Miss Pettigrew Lives for a Day
Watson, W. (1938, this edition 2008). Miss Pettigrew Lives for a Day. London: Persephone Books.
Miss Pettigrew lives for a Day has been on my to-read list since seeing the gorgeous movie sometime in 2010 and discovering it was based on a 1938 novel that had only been recently 'rediscovered' as a modern classic. Miss Pettigrew is a single down-and-out 40ish governess who through a twist of fate is thrown into the life of nightclub singer Delysia LaFosse (real name Sarah Grub), who is balancing three lovers and is badly in need of some assistance. Spending a day in Miss LaFosse's world, Guinevere Pettigrew discovers that by staying within her social bounds, she may have missed out on living.
The storyline is pure fairytale, with Miss Pettigrew swept along in Miss LaFosse's exuberance into a world she never knew possible. This is no doubt one of the factors that makes it rather irresistible; no one can overlook a good fairytale and this one has a dose of reality that makes it all the more delightful.
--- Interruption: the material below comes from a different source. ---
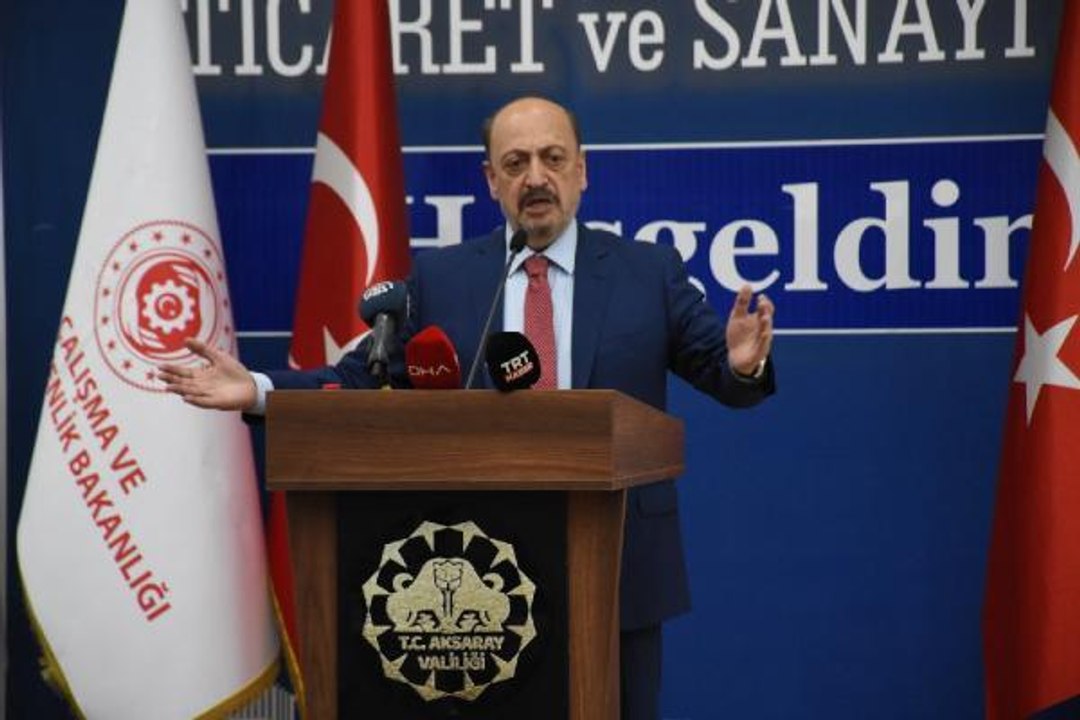 BAKAN BİLGİN: 21'İNCİ YÜZYILIN TÜRK YÜZYILI OLMASINI İSTİYORUZ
There are no fairy godmothers here, just a slightly naive young woman who turns to Miss Pettigrew in desperation in order to get lover 1 out of the house to make way for lover 2. The characters are all inperfect, which makes them perfect in their own way, and us as the reader long for their happy endings. And like all good fairytales, this one does end happily, with Miss LaFosse in the arms of the right man and a world of possibilities opening up for our heroine.
The original 1930's drawings are a charming edition to the story and the writing is a breath of fresh air for a lasting period piece, making honest (but not graphic) mentions of the casual sex and drinking common with a certain set at the time, rather than the chaste portrayals we often get in other classics.
On the other hand. . . when it comes down to it Miss Pettigrew Lives for a Day is little more than fluff. Its charm ultimately cannot completely hide its utter lack of substance. Miss LaFosse never has to suffer the repercussions of her actions and there is never any mention of drawbacks to the life devoted to pleasure many of the characters lead. Indeed, marrying in order to wait for one's husband to die and inherit his wealth/business is postively encouraged. Overall, although I was pleased to read it and enjoyed the tale, I was glad to finish it and would have been glad to finish it 50 pages earlier.
Miss Pettigrew Lives for a Day gets 3 stars on Goodreads from me.